As atrizes estão sensacionais, também, não esperava nada menos que isso dessa dupla, Bergman e Ullmann. A característica fundamental de suas personagens é a tristeza. Contudo, enquanto a primeira mostra-se orgulhosa, e pisa em seus medos com pé firme e impetuoso, a segunda mostra-se, afetada e abalada, ao não conseguir esconder a sua fragilidade. Uma cena, quero dizer, uma das cenas marcantes da película é a do piano. Nela, fica explícita as personalidades delas, e tudo isso, movido ao som marcante de Chopin. Eva possui uma interpretação de Chopin, tímida e introvertida, mas não errada. Sua mãe imediatamente percebe essas suas características. Ou seja, ela sente a personalidade da filha enquanto a música é tocada. Ao fim, Eva pergunta a mãe: Gostou?, e ela responde: Gostei de você. A filha, percebe que a mãe não gostou da sua apresentação, e então pede para que ela mostre como deveria ser a interpretação daquela composição. Charlotte, sem hesitar, senta-se ao lado da filha, e começa uma introdutória, porém esmagadora explicação daquele prelúdio. É aí que ela mostra a sua personalidade, ela diz sobre a composição: “Há dor, mas sem parecer”. E conclui, “Você precisa ser persistente e emergir triunfante”. Tudo isso fica melhor de ser entendido vendo a cena.

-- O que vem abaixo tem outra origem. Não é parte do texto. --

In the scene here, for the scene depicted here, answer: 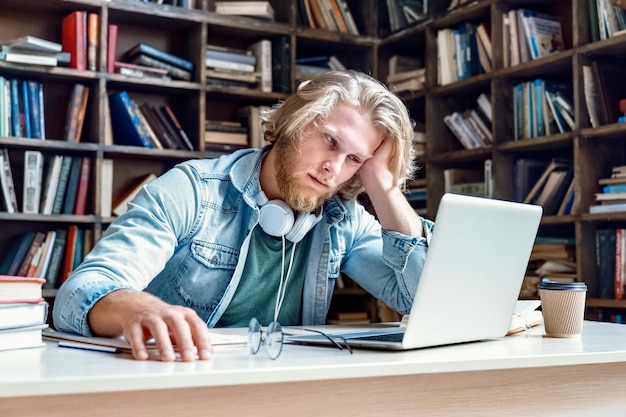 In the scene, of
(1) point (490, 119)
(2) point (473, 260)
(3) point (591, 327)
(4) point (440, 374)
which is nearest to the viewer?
(4) point (440, 374)

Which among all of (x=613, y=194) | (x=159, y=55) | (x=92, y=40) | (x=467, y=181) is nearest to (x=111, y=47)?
(x=92, y=40)

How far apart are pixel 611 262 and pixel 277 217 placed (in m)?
1.74

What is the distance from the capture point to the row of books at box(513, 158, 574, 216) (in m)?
3.23

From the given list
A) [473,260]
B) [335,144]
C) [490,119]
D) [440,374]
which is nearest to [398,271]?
[335,144]

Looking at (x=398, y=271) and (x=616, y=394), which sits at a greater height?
(x=398, y=271)

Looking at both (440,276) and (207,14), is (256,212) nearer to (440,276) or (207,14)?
(440,276)

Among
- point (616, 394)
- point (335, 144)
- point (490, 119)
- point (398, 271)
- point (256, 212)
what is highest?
point (490, 119)

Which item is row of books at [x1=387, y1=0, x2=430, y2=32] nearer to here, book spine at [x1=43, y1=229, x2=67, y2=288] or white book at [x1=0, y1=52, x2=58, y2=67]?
white book at [x1=0, y1=52, x2=58, y2=67]

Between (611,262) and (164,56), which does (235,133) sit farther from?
(611,262)

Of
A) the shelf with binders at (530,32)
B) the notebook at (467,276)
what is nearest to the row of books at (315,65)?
the shelf with binders at (530,32)

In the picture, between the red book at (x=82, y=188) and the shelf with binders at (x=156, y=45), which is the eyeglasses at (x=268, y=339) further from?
the shelf with binders at (x=156, y=45)

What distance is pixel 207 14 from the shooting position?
379cm

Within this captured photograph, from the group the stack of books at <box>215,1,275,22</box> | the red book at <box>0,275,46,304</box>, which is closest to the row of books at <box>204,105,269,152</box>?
the stack of books at <box>215,1,275,22</box>

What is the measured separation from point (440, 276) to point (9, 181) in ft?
8.79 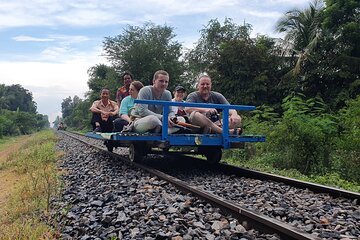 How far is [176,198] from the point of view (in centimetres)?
443

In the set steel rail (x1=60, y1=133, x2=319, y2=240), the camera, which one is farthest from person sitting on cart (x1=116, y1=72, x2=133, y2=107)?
steel rail (x1=60, y1=133, x2=319, y2=240)

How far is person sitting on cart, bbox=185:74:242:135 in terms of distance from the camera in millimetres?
6703

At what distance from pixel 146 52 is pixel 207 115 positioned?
747 inches

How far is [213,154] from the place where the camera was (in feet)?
25.1

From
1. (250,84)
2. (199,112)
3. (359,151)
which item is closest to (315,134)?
(359,151)

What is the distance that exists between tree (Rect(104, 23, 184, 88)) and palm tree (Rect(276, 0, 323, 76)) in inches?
298

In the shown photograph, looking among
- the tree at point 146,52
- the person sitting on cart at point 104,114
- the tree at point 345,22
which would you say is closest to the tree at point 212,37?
the tree at point 146,52

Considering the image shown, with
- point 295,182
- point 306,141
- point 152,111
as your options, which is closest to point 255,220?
point 295,182

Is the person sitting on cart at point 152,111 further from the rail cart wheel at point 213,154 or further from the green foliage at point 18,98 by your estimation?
the green foliage at point 18,98

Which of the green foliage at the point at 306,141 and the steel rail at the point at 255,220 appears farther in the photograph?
the green foliage at the point at 306,141

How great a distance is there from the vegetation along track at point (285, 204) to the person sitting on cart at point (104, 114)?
10.5ft

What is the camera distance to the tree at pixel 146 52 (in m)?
24.9

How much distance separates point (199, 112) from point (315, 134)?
3066 mm

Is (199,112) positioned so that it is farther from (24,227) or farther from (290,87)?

"Sonata de Outono" é um dos mais belos filmes do cineasta Ingmar Bergman, ele é ao mesmo tempo, comovente e extremamente realista. Cada expressão, cada momento, cada fala, tudo soa verdadeiro. Sua história narra mais uma complicada relação familiar, tema tão presente e caro para esse diretor. Ódio, contradições, angústia, desprezo, medo, tristeza, dúvidas, incertezas, remorsos, são adjetivos adequados para compreender a essência dessa película. Após um longo tempo sem se ver, o reencontro entre mãe e filha, inicialmente marcado pelo entusiasmo, logo muda, surgindo daí, um enfrentamento com cenas de marcante violência psicológica. As atuações de Ingrid Bergman e Liv Ullmann são excepcionais, tocantes, perturbadoras e admiráveis. É um filme imperdível para quem quer fugir desses lugares comuns a que somos levados a conviver. Por esse e outros (motivos e filmes), que Ingmar Bergman é o cara!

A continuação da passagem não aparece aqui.